Behavioral and neurochemical alterations evoked by p-Chlorophenylalanine application in rats examined in the light-dark crossing test

The aim of the present study is to examine the effects of serotonin synthesis inhibition with p-Chlorophenylalanine (p-CPA) in rats on (1) anxiety behavior examined in the light-dark crossing test and, (2) regional brain concentration of monoamines (NA, DA and 5-HT) and their metabolites (MHPG, DOPAC, HVA and 5-HIAA) as well as GABA in the hypothalamus, amygdala, hippocampus, midbrain central gray matter and the frontal cortex.

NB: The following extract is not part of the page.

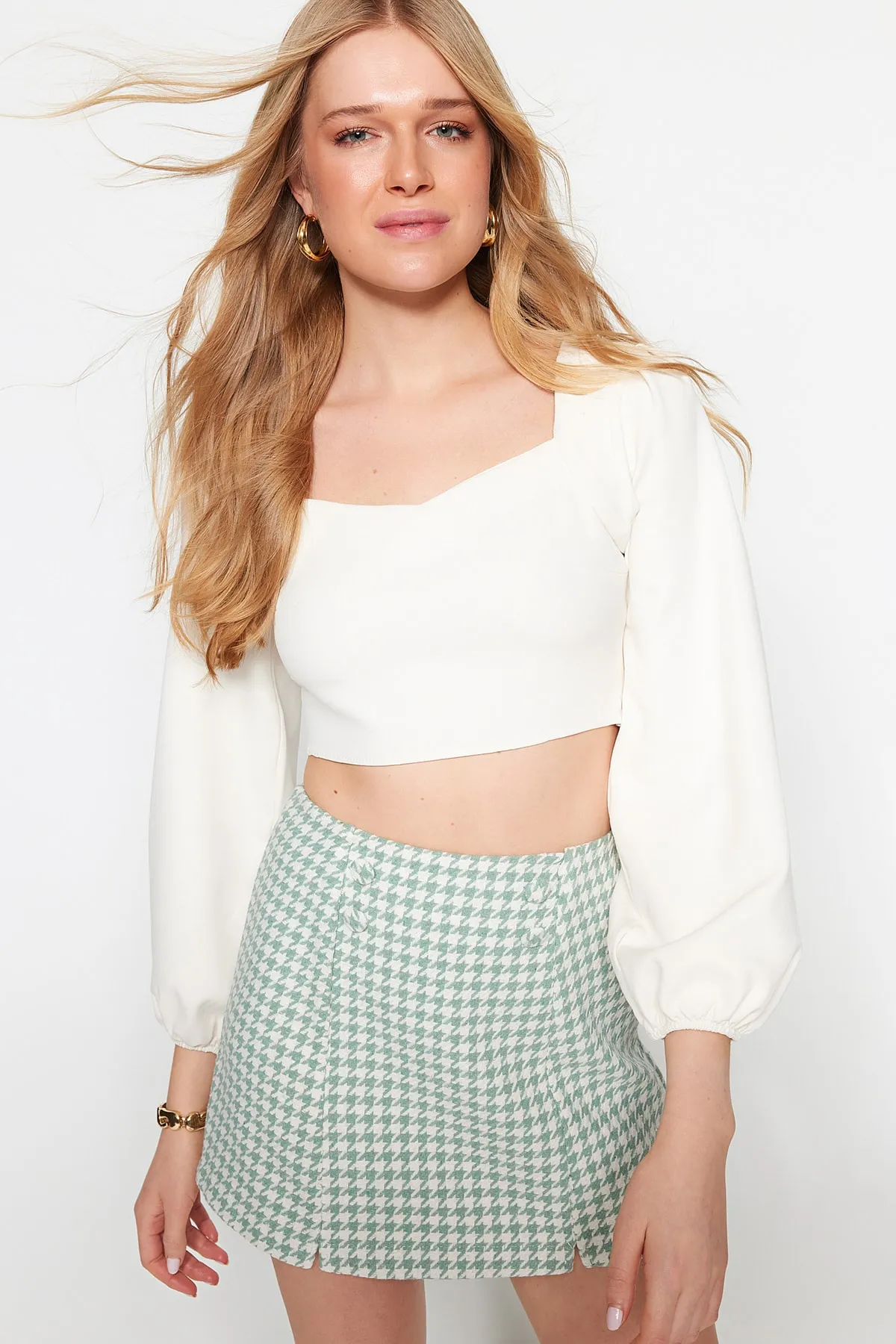 Trendyol Collection  Beige Crop-Bluse TWOSS21BZ0236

Treatment of animals with p-CPA produced a significant increase in time out from the illuminated part of the chamber and in time of locomotor activity in the illuminated part of the chamber. HPLC analysis showed a significant reduction of 5-HT and 5-HIAA concentration in all examined brain regions with the exception of the frontal cortex. Additionally, a significant decrease in DA and its metabolites, DOPAC and HVA occurred in the hypothalamus and amygdala. Moreover, we observed a significant decrease in frontal cortex NA concentration after p-CPA administration. The results of our study suggest that administration of p-CPA is effective in reduction of anxiety through depletion of 5-HT accompanied by diminution of catecholamines, especially DA and its metabolites in the main emotional brain regions.